Helsinki Finishes Year-Long Study, Now Ready to Get Serious About Getting a Guggenheim

Nearly a year ago to the date, you might recall a post we had up about the Guggenheim Foundation looking into building a new museum wing in Helsinki, Finland. The project, if it happened, would be the next branch built after Frank Gehry‘s Guggenheim Abu Dhabi had finally risen from the desert. But with Gehry’s project now stalled, perhaps permanently, suddenly after a year of relative silence, both the organization and Helsinki’s government are back to chatting publicly about their collaboration. Granted, it’s been quiet for the past year because the two parties spent 2011 looking into “topics including the possible mission and structure of an innovative, multidisciplinary art museum in Finland” and “the form that its exhibition and education programs might take,” but we bet the Guggenheim in particular is might glad to start the year off talking about new plans than what it’s struggling with in the Middle East.
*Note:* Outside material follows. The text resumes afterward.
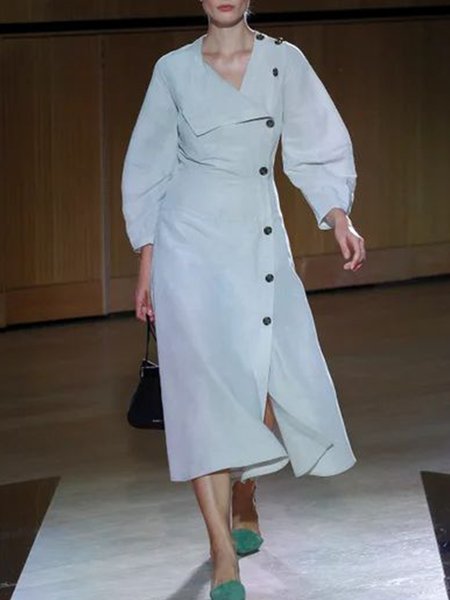 

Elegant Buttoned V Neck Dress, As picture, Midi Dresses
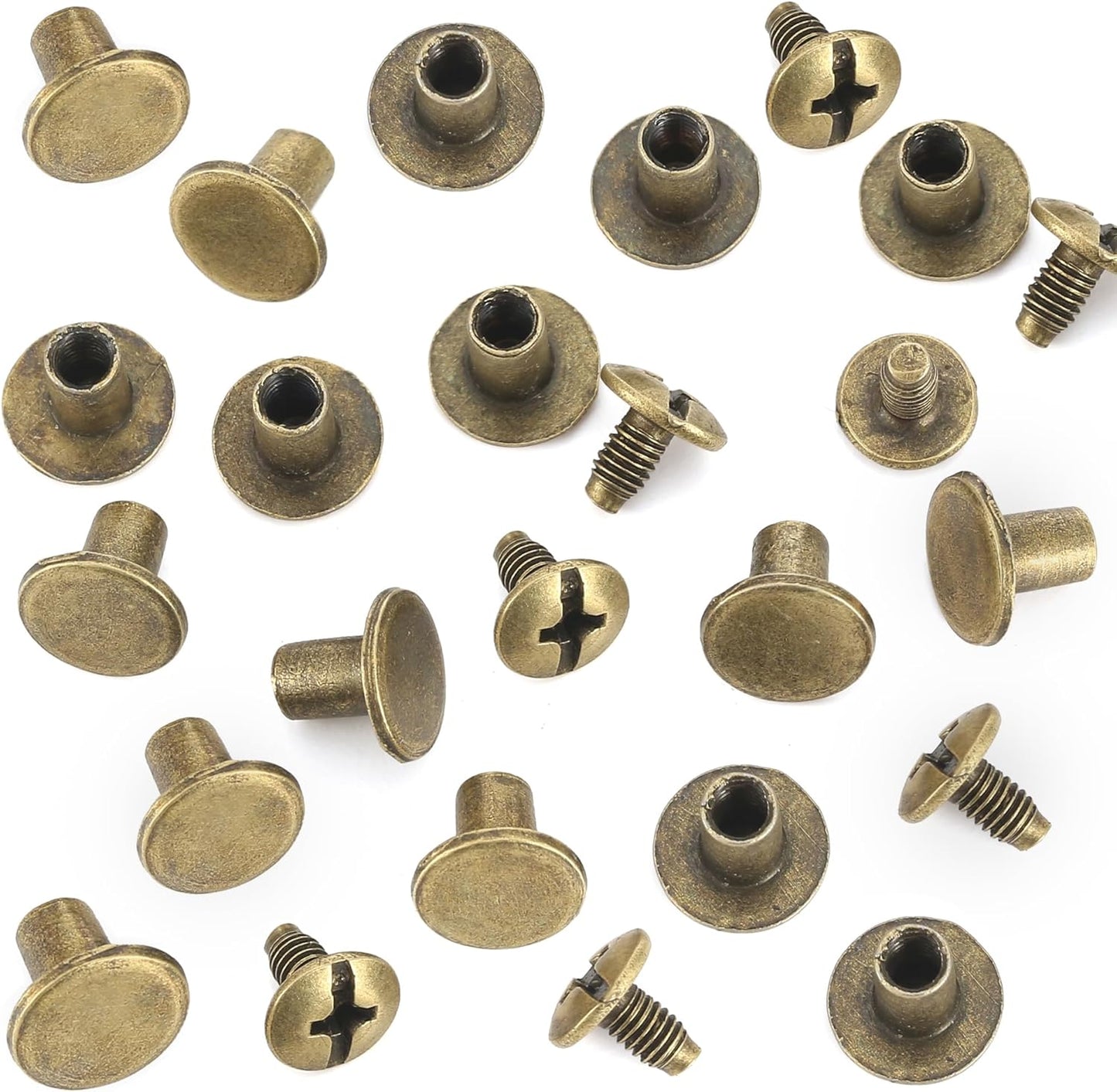 YORANYO 150 Sets 8MM Chicago Screws Leather Rivets for Fabric Chicago Binding Screws Buttons Metal Studs Rivets for Decorate and Repair Belts Bags Shoes Purse Dog Collar Leather Craft (Bronze)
You can read the city’s full report here, and here are a few of the specifics about the museum itself:

The report by the Guggenheim study team proposes that a museum would be built on a City-owned site along the South Harbor waterfront, where the Kanava Terminal Building currently stands. The total area of the museum would be approximately 12,000 square meters (129,000 square feet), with 3,920 square meters (42,000 square feet) devoted to exhibition galleries.

The estimated construction costs of the building and its design would be approximately €140 million. The mid-range estimated attendance for a museum is 500,000 – 550,000 visits per year, of which approximately 300,000 visits would be by Finnish residents. Helsinki anticipates funding the project through a combination of public, private, and corporate sources.